Integration of interprofessional collaboration into healthcare education and training programmes has become a fundamental issue. Its objective is to learn how to collectively build collaborative care practice that addresses the uniqueness of each context and the specific situation of the patient. It is also about understanding the process of collectively building collaborative care practice in order to be able to apply it in different contexts.
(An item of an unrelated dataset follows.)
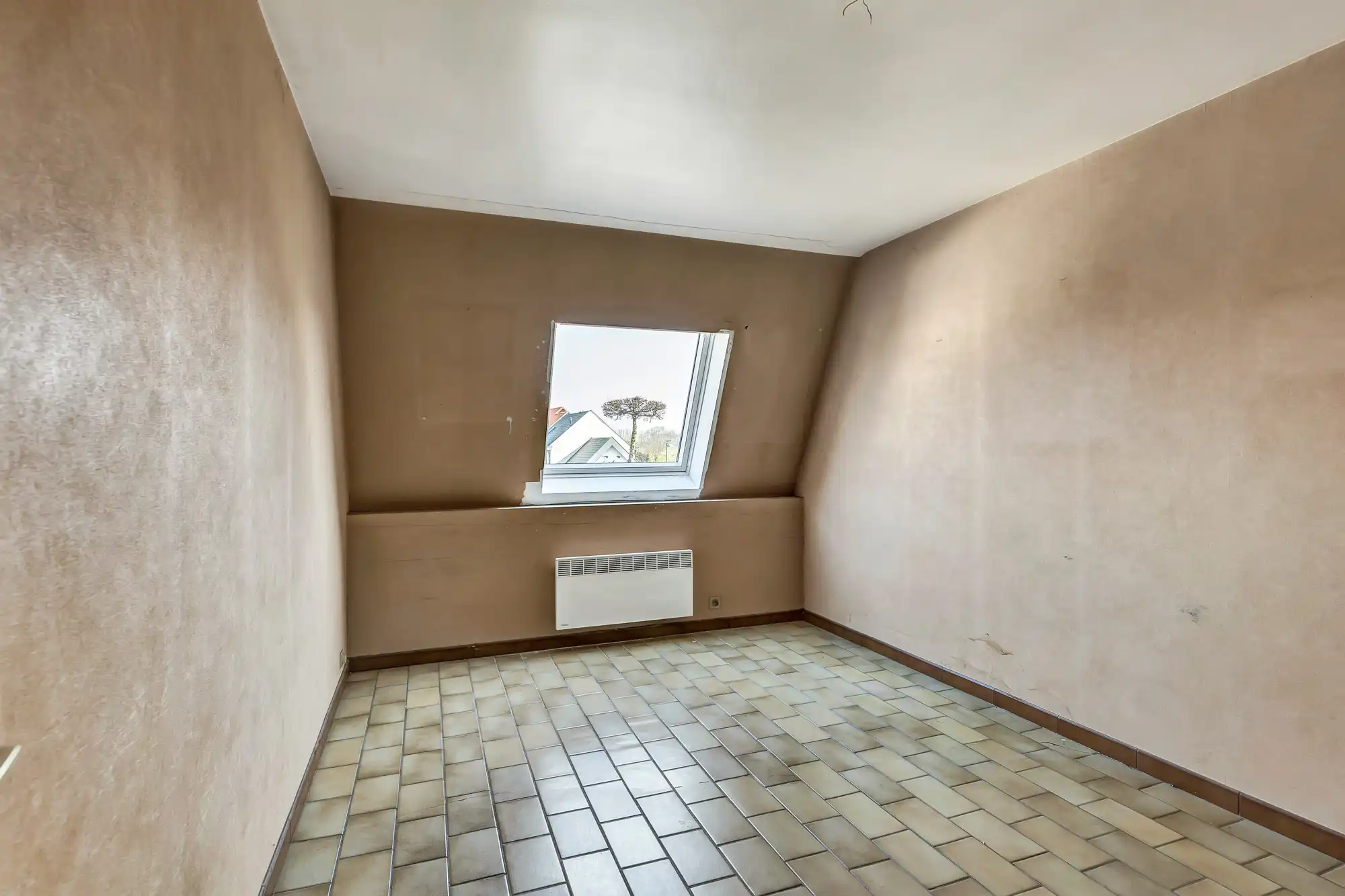 Appartement met 3 slaapkamers in Moorsel foto 10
This article describes a study that aimed to examine the value of relying on activity confrontation methods to develop training. These methods consist of filming practitioners during an activity and encouraging them to analyse it. It was found that these methods encourage reflexive analysis of the motives for pursuing interprofessional action (identifying constitutive factors) but also a metacognitive approach on the conditions of learning (p < 0.01). In addition to the educational dimensions (methods and leadership positions) and organisational dimensions (frameworks), it was found that the patient's role is essential in developing interprofessional care practice and training (p < 0.01). Given the nature of these findings, this article goes on to suggest that the patient must be considered a "partner" in development and delivery of interprofessional learning and care.